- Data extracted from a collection
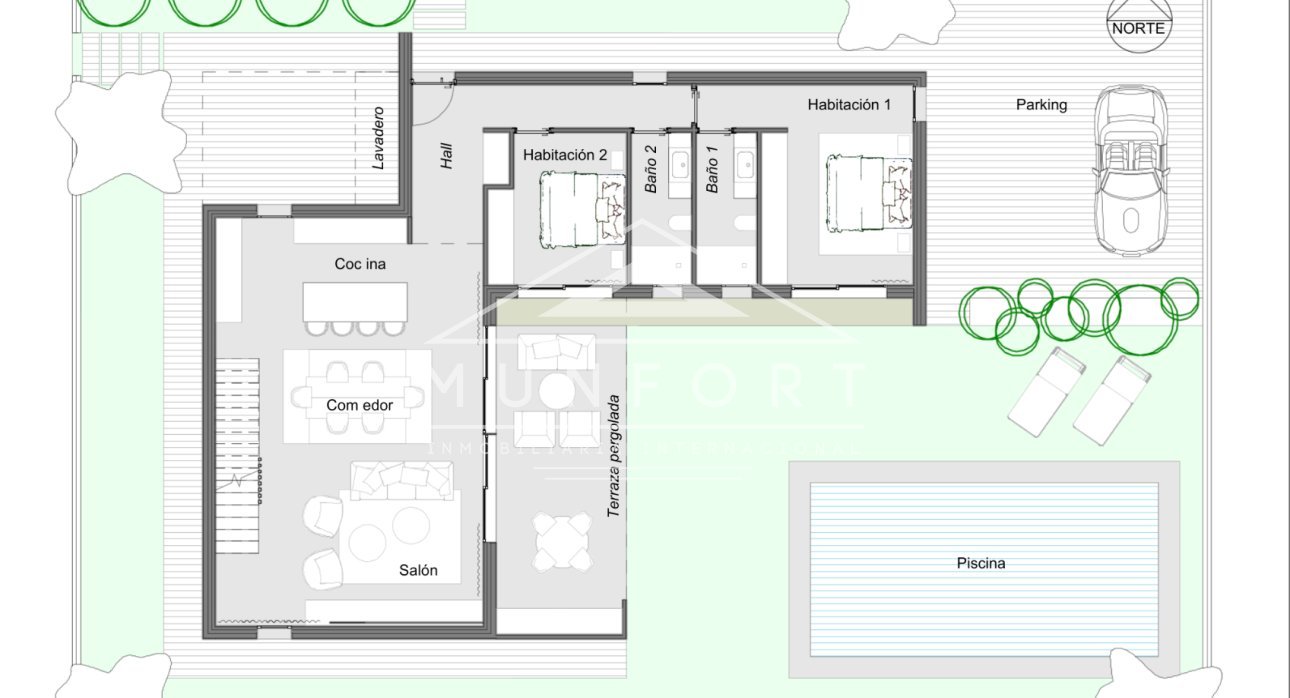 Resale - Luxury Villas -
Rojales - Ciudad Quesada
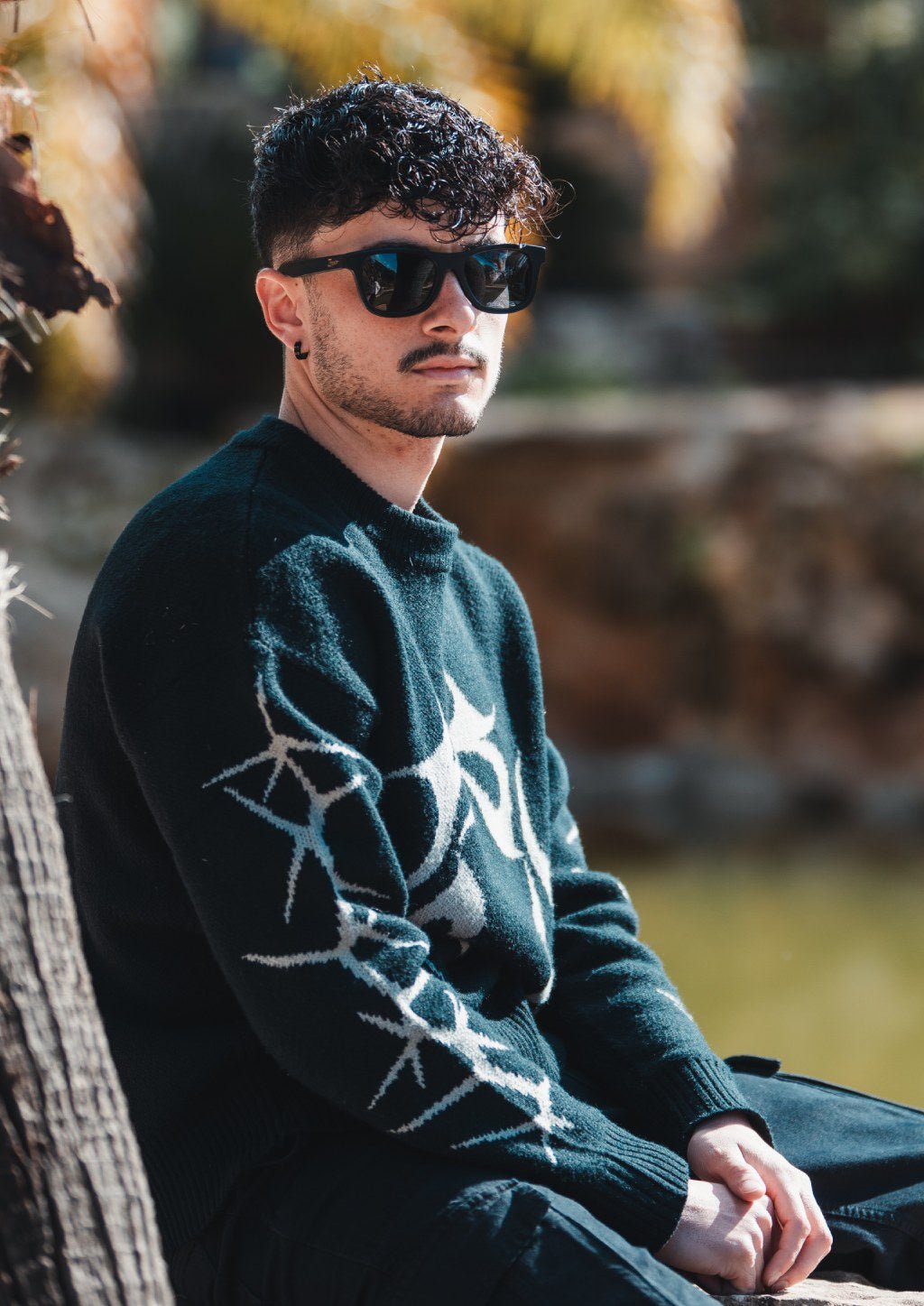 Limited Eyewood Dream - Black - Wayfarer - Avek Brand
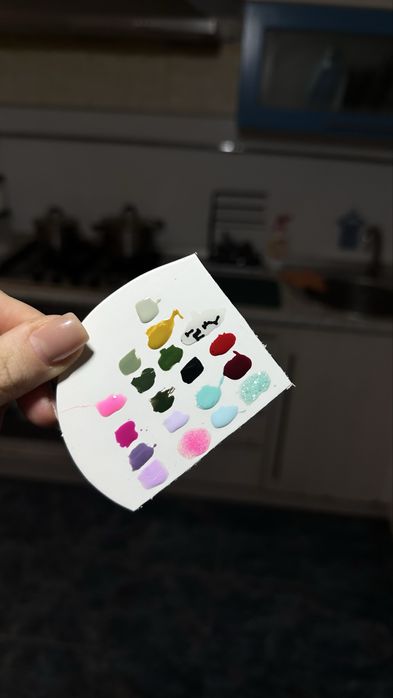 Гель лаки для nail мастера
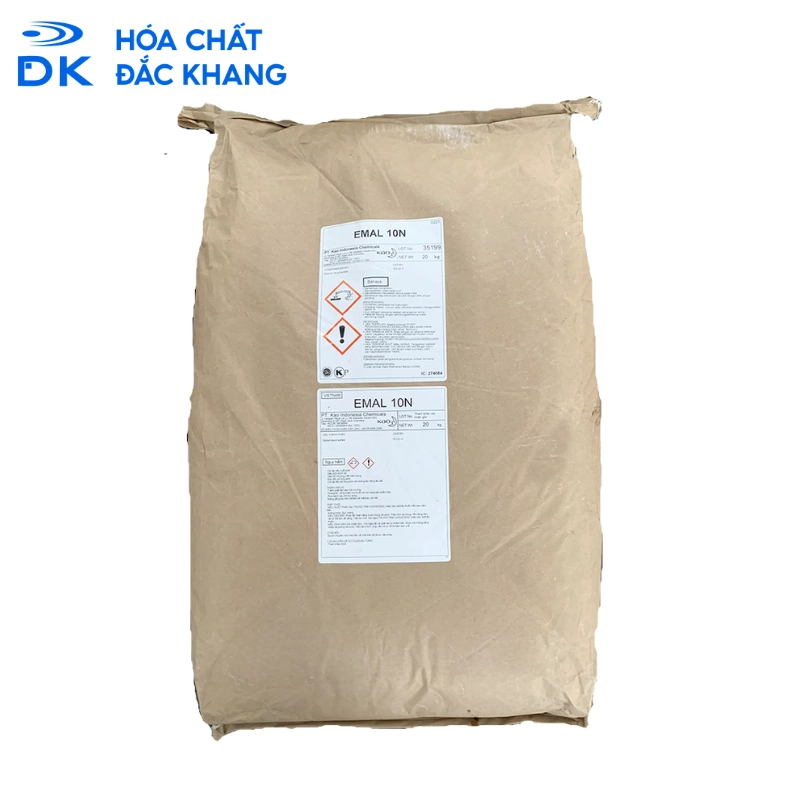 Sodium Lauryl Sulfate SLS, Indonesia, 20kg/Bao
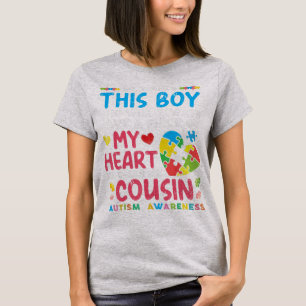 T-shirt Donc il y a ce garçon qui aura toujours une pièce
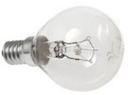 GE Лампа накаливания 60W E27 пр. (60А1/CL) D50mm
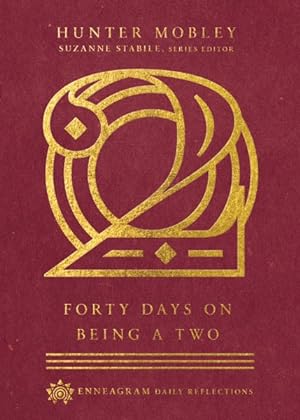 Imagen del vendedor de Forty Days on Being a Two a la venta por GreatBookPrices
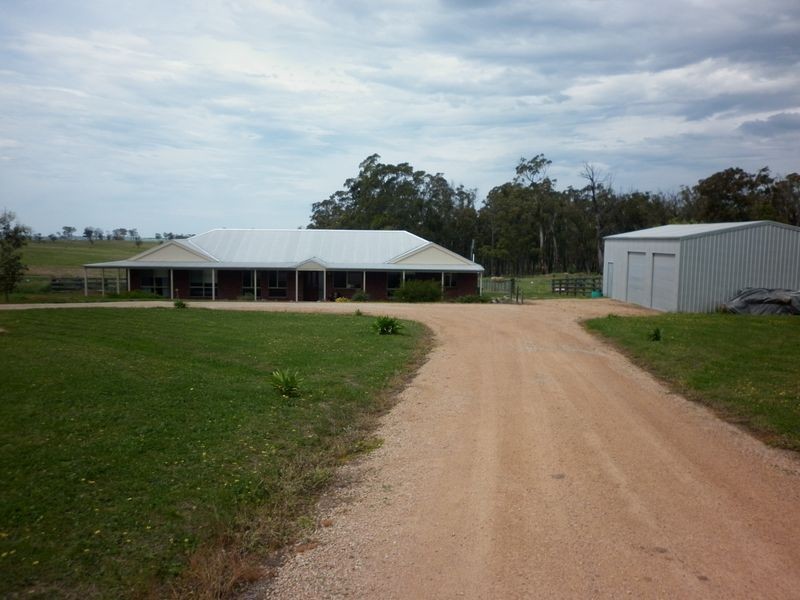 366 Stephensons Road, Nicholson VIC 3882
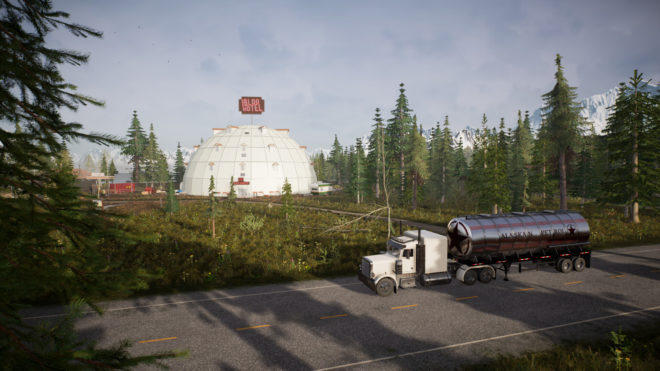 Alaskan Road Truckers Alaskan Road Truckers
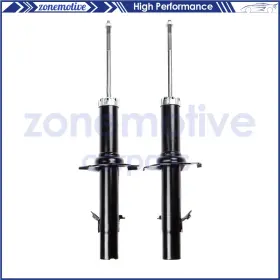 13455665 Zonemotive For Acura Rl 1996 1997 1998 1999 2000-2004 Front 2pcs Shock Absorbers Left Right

- Goal of the exercise
Please reproduce, word for word, only the lines from the line that holds "Imagen del vendedor" through the final line of the entries above, omitting any pictures.

- Task solution
 Imagen del vendedor de Forty Days on Being a Two a la venta por GreatBookPrices
 366 Stephensons Road, Nicholson VIC 3882
 Alaskan Road Truckers Alaskan Road Truckers
 13455665 Zonemotive For Acura Rl 1996 1997 1998 1999 2000-2004 Front 2pcs Shock Absorbers Left Right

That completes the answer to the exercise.